10 Atlanta Bars You Can’t Go Into After 30
How do you know you’re too old for a bar? Maybe it’s when everyone else says, “who’s this?” when The Who comes on the jukebox. Or when you realize the place is full of college kids. Or maybe if you have to ask the question... Make it easy on yourself by checking out our list of Atlanta bars you can’t go to after 30, and remember, the kids are alright... without you.
The fat lady has indeed sung on your time inside Midtown’s tourist-iest 20-somethings ballroom, and it’s a tune whose lyrics are “you don’t belong.” Reasons include “college” Wednesdays, nights where they actually say “21+”, a dress code your grown ass actually has zero problem passing, and the occasional Saturday teen night. But still, you always see a few too-old-for-any-opera-that-doesn’t-include-Nessun Dorma folks who nobody warned. At least now you can’t say you’ll be one of them.
Even the hot bartenders can’t stop making duck faces long enough to tell you your Greyhound bus to a Florida retirement home is about to leave you if you don’t haul ass out the door. Pretty much a sloshy wasteland of UGA preps, you should feel the shame of maturity with every Fireball shot you buy for random halter-topped coeds.
There was a time when you were young and worldly. You went to a basement in a hidden place (basically not that far from the sewer line in Midtown) and mingled with folks from different cultures, all who, like you, could simultaneously love Jameson Jell-O shots and Nelly. Nowadays, the same songs you and those “friends” loved are heard in constant rotation on one of ATL’s new “old-school hip-hop” radio stations. Nah, your Sutra days have passed. Don’t even slow down your Nissan LEAF long enough to let them see the tears fall as you cruise down Crescent, past the entrance.
This might hurt. No doubt; MJQ is great. The long-standing and much-loved club has been around since 1994, hosting legendary performances and parties: it’s one of the most authentic places in town. It’s also a place where you’ve gotta sometimes push past fake-musty hipsters (the kids who can afford deodorant but choose not to use it because they’re so with it, man) just to get a drink because the place is always crazy-packed. You’re too old for that.
Old Fourth Ward
30-year-olds were too old for this new spot as soon as it opened in 2013. By now you should have realized that 1) everybody seems to be wearing a long designer tank top and leggings except you, and 2) the moment you step out of this place onto Edgewood, you should call your own mother and apologize for not growing up.

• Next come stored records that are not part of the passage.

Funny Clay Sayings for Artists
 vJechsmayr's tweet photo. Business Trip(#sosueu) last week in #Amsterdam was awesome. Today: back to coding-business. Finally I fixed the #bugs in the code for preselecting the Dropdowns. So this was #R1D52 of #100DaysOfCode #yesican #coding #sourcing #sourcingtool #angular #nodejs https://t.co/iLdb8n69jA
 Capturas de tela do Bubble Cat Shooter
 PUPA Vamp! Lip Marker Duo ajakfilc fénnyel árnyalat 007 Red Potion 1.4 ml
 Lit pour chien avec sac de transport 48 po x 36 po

It’s just not worth the depression, dude. Those girls are looking for Taylor Kitsch, or the guy who’s playing Apollo Creed’s son in that new Rocky movie. You know, beautiful people... and not beautiful in the way your grandmother always says you are, because like her, you’re old. Also, the mere fact that you’re able to pay for so many high-priced cocktails is a sign that you’re past your prime. Also, did you just order a glass of red wine??
Just stop it. Sure you can get pizza here, but really... you’re here for the close proximity to GA Tech and the cheap shots. Hopefully someone takes one at you... to knock some adult sense into you, obviously. At some point you have to leave campus dude, and just because Rocky Mountain is just outside the gates doesn’t mean it’s really separate. Shame on you.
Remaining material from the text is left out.